(WORK TO COMPLETE)
In the entries below, which lines run from the one containing "2018动作悬疑《金三角大营救》HD1080P.国语中字截图" to the one containing "Guidon Renthal Fatbar 829 Trials 110"? Copy exactly those lines, ends included, and no others.

(DATASET EXTRACT)
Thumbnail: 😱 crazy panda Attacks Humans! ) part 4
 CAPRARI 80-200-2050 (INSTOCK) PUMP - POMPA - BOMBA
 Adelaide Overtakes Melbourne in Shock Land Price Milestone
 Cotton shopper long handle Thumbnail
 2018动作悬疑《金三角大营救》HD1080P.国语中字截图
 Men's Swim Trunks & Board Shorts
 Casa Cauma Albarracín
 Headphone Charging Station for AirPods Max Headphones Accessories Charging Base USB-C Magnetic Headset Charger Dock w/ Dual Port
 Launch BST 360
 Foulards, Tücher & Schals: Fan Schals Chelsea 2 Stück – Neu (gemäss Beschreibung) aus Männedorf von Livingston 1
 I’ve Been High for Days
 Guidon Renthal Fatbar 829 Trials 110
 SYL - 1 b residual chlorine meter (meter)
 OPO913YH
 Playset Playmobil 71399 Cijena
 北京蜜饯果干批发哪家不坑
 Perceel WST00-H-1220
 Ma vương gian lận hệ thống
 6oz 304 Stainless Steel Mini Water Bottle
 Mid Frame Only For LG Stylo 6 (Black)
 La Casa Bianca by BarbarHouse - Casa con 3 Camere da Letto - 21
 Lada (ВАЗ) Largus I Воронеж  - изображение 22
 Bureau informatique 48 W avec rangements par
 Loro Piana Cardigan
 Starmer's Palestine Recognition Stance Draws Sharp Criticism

(RESPONSE TO THIS EXERCISE)
 2018动作悬疑《金三角大营救》HD1080P.国语中字截图
 Men's Swim Trunks & Board Shorts
 Casa Cauma Albarracín
 Headphone Charging Station for AirPods Max Headphones Accessories Charging Base USB-C Magnetic Headset Charger Dock w/ Dual Port
 Launch BST 360
 Foulards, Tücher & Schals: Fan Schals Chelsea 2 Stück – Neu (gemäss Beschreibung) aus Männedorf von Livingston 1
 I’ve Been High for Days
 Guidon Renthal Fatbar 829 Trials 110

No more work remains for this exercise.